Why? Cause this area was diverse. I learned that people are who they are here because of experience and because walking a block in any direction could bring you to a place so different from the next that it was important and yet unnoticed that we all have the same problems. Most of us no matter what religion or color or age are really just trying to get by. We all do things different and I think Brooklyn at the time while a melting pot of culture it also raised a particular type of person who thought the entire world was like that. Which coming up now at almost 38 years old I have learned that it’s not true. The world is much bigger but it’s also very very divided depending on the location.
My heart will always be in Brooklyn because of how anyone who worked hard and tried there best could come home and not think about any of those things. It was a question of taste and feeling… even in something as basic as a question like what do I want to eat.. ? Pizza?…Chines?.. Spanish?.. the list goes on and on.. and it worked for everything you could think of. The friends I had going to school were diverse. I had all types of cultures to learn from. Backgrounds of religion and so many different points of view to learn from. A was more of a question of comfort.
This was the first job I ever had. It was at the time a smoke shop and my mother got me the job. I was told to go and sweep, organize some shelves, doing some dusting, and stock some sodas. Pretty simple stuff and really I find it kinda funny how I am still doing the same job. At the time I didn’t have direction. Come to think of it even now I don’t have direction but I was comfortable with it then. SAME as I am now. I have grown and while that shop is no longer in business. I believe that everything does happen for a reason and that it’s time and place has set it’s purpose for me.
While not my home this was a place I spent a great deal of time at. My best friend whom my brother introduced me too lived in this building. In this place I would come to learn to love many of the strange things I do now from Horror films, to the type of music I listen to now. I have very fond memories of spending weekends at this place just being silly and myself. I learned how to keep an open eye on everything. To observe and always be aware of what others had in mind to do. I spent a great deal of time with my best friend just talking about everything. Building my own philosophy on life. It was important and it had to happen here.

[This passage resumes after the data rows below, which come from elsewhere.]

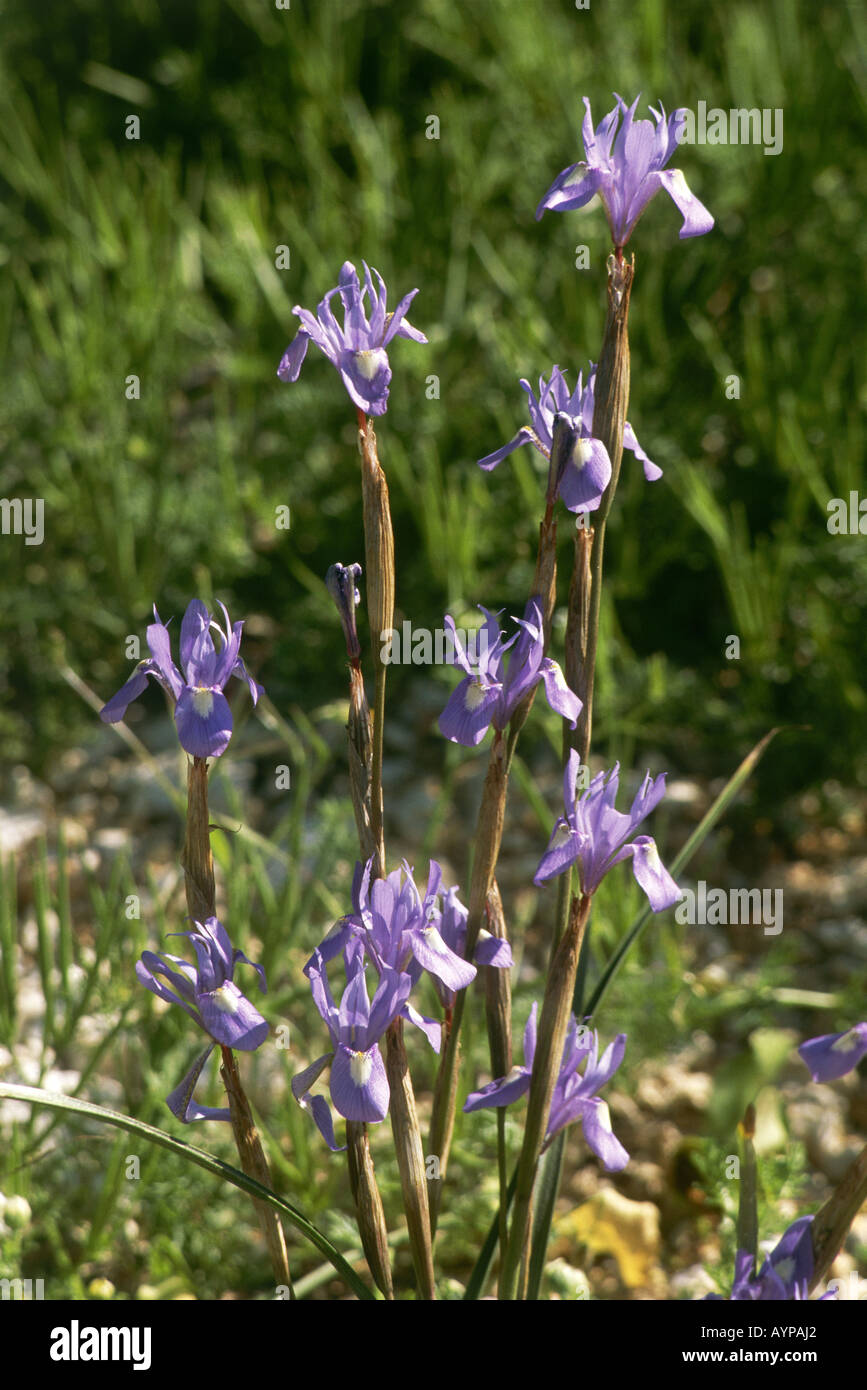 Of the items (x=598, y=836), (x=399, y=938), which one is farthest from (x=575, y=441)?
(x=399, y=938)

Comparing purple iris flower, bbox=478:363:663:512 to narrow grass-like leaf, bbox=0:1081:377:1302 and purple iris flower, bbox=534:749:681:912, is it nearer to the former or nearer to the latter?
purple iris flower, bbox=534:749:681:912

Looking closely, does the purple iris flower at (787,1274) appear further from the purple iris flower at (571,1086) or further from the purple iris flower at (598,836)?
the purple iris flower at (598,836)

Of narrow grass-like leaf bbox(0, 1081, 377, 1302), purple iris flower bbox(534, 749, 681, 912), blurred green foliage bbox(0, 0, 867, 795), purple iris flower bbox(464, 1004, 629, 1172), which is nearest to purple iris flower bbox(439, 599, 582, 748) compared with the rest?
purple iris flower bbox(534, 749, 681, 912)

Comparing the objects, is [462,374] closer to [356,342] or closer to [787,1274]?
[356,342]

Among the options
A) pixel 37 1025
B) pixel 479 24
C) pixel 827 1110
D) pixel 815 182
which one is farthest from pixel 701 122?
pixel 37 1025

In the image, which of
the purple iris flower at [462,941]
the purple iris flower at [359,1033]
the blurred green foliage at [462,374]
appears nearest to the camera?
the purple iris flower at [359,1033]

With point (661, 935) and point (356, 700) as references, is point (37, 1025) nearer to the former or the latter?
point (661, 935)

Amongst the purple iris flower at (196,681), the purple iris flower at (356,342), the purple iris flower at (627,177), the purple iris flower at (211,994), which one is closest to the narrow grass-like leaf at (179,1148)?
the purple iris flower at (211,994) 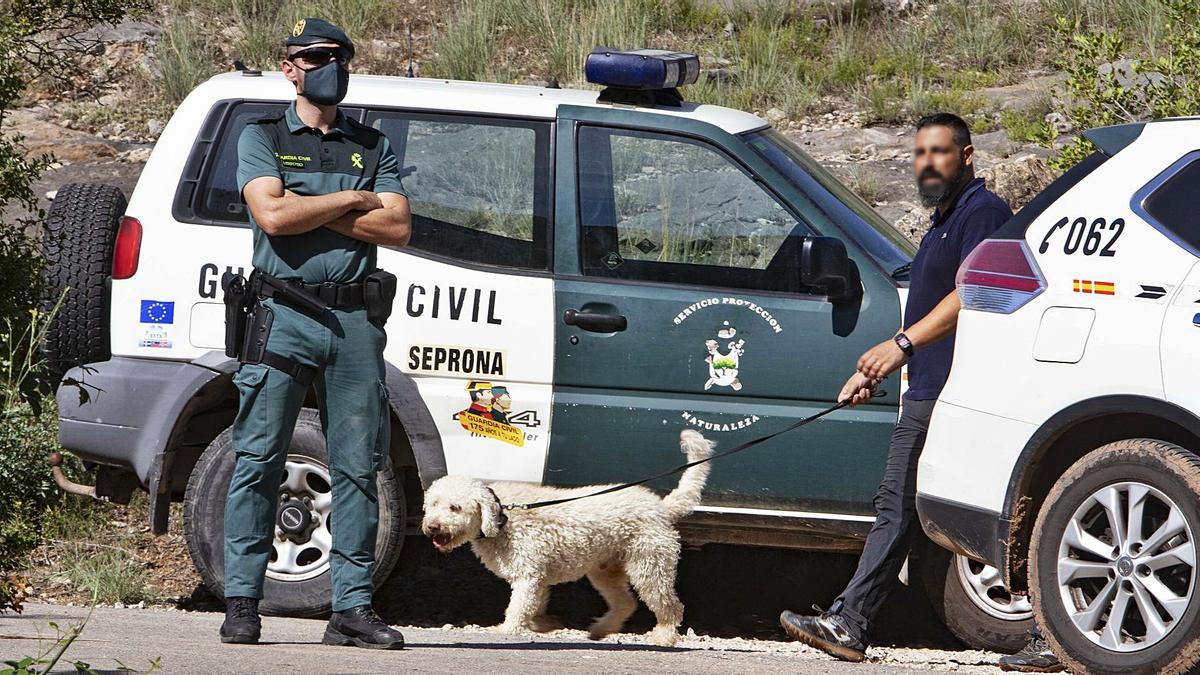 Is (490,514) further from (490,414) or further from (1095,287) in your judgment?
(1095,287)

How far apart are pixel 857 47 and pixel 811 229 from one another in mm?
8007

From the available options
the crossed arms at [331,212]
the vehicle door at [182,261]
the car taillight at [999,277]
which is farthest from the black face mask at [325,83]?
the car taillight at [999,277]

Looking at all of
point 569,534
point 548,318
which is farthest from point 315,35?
point 569,534

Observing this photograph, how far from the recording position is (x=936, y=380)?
5.03m

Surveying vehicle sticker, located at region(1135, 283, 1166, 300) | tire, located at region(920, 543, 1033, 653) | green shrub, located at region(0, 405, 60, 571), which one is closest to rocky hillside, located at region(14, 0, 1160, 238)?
tire, located at region(920, 543, 1033, 653)

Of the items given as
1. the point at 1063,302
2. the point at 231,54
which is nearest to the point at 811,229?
the point at 1063,302

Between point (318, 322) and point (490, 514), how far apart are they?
3.75ft

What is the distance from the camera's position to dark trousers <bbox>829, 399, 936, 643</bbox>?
5.05 m

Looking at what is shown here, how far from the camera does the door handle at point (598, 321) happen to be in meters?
5.45

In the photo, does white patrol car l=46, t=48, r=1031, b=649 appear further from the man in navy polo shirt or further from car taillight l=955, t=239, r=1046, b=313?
car taillight l=955, t=239, r=1046, b=313

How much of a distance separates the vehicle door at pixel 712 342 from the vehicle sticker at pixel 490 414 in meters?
0.17

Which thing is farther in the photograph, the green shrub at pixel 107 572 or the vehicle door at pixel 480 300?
the green shrub at pixel 107 572

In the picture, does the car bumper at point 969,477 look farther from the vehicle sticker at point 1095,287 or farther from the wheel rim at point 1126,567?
the vehicle sticker at point 1095,287

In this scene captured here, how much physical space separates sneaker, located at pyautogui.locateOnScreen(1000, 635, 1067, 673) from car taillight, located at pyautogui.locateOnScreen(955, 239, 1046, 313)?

Last stop on this trip is One of the happiest place I have ever been. I can’t explain the joy I got from seeing this building. I can’t express the smell, the feeling of the air, the sound and cold of it. It was Toys R Us.. sadly it’s gone. Yet even walking to this very location I came to a place that had nothing but great memories for me. It was family time for my father, Mother, Sister and Brother to gather at this place and know that a good time was going to be had. It wasn’t so much the purchasing of the toys as much as it was the thrill of getting into the car together. It was a feeling of wonder as to what we would find.
Some of the time we knew what we were looking for. Yet the younger me that was often didn’t. I just knew I wanted to go to see the building with the rainbow colored walls. The automatic doors and the feeling that everyone was happy to be in that place. Something good was in the air and it held that feeling still to this day. It was the experience that made it important not so much the why. We always went to this place when things were good. When we had it all or at least.. that’s what it felt like.